**************************
Release Notes for PoCL 7.0
**************************

===========================
Release highlights
===========================

* PoCL received the official OpenCL 3.0 conformance stamp with the
  `CPU <https://www.khronos.org/conformance/adopters/conformant-products/opencl#submission_450>`_ (x86-64) and
  `Level Zero <https://www.khronos.org/conformance/adopters/conformant-products/opencl#submission_453>`_
  drivers. Conformance testing via OpenCL-CTS passed with both OpenCL C
  and SPIR-V compilation modes, for both of the drivers.

* Proper support for Windows platform added, tested with CPU and Level Zero drivers.
  The CPU driver supports both MinGW and MSVC toolchains, Level Zero only MSVC for
  now.

* Support for LLVM versions 19 and 20.

* Support building with Khronos ICD, if the ICD supports OpenCL 3.0.

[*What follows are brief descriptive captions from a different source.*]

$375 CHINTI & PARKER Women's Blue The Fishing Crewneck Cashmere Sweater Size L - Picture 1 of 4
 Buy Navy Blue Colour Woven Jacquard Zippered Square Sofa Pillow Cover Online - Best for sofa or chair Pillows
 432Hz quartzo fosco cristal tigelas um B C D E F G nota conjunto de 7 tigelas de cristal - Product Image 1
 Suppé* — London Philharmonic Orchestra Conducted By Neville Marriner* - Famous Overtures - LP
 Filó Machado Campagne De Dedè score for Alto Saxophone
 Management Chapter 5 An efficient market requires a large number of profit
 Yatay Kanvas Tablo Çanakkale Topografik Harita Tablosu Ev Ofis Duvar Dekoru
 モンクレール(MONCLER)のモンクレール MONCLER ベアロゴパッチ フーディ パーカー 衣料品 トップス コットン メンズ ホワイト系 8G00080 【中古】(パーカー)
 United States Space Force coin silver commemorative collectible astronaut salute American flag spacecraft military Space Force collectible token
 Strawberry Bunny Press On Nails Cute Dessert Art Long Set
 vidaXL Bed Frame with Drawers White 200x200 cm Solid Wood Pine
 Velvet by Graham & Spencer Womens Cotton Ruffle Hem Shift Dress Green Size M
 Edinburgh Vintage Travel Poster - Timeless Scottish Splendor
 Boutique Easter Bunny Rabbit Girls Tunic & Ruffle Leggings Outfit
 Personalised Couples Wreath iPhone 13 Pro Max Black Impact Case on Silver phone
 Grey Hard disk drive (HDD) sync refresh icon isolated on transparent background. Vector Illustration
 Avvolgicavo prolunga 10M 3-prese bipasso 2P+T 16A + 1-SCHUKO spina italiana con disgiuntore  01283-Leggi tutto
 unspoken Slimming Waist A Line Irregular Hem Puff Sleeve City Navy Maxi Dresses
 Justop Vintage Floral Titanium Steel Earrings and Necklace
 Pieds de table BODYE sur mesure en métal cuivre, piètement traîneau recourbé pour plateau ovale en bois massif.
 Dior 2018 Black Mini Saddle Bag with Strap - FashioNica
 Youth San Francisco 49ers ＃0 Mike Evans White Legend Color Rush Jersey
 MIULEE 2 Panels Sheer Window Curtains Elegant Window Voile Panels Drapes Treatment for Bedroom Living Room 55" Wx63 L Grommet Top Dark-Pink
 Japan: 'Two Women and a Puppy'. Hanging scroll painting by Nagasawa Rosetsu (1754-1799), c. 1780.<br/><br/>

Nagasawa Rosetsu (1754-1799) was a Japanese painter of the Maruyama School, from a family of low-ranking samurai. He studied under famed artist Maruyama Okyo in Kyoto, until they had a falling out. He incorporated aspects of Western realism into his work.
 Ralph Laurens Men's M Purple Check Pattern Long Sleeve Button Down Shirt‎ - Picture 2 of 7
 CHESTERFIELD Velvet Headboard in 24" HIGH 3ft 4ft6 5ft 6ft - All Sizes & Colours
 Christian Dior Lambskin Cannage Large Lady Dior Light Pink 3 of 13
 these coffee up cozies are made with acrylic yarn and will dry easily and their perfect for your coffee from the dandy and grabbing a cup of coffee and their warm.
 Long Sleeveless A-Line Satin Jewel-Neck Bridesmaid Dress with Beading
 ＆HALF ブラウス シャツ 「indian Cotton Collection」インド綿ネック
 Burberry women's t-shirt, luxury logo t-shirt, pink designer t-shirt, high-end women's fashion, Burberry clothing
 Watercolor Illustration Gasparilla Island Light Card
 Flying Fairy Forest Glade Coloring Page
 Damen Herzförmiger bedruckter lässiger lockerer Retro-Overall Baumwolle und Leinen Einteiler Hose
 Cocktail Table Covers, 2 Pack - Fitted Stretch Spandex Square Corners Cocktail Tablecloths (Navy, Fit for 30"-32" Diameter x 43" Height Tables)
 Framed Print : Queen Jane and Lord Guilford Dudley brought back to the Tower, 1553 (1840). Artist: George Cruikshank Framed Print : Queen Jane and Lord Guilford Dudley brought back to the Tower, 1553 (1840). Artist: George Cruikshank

* Support for dynamic device addition and network discovery in
  PoCL-Remote.

* Initial support for Julia input through the OpenCL.jl package.

=============================
Notable user facing changes
=============================

* CMake 3.15 is now required to build PoCL.

* New env variable POCL_MAX_COMPUTE_UNITS. This is similar to
  existing POCL_CPU_MAX_CU_COUNT, but is not driver-specific,
  hence can be used to limit the CU count of all drivers that
  support limiting CU count. If both are specified, the driver
  specific variable takes precedence.

* The callbacks for context destruction, memory destruction and event
  callbacks were moved to a separate thread (that runs asynchronously).
  This might have unexpected effect on the behavior of program using
  libpocl, since callbacks might be executed with some delay.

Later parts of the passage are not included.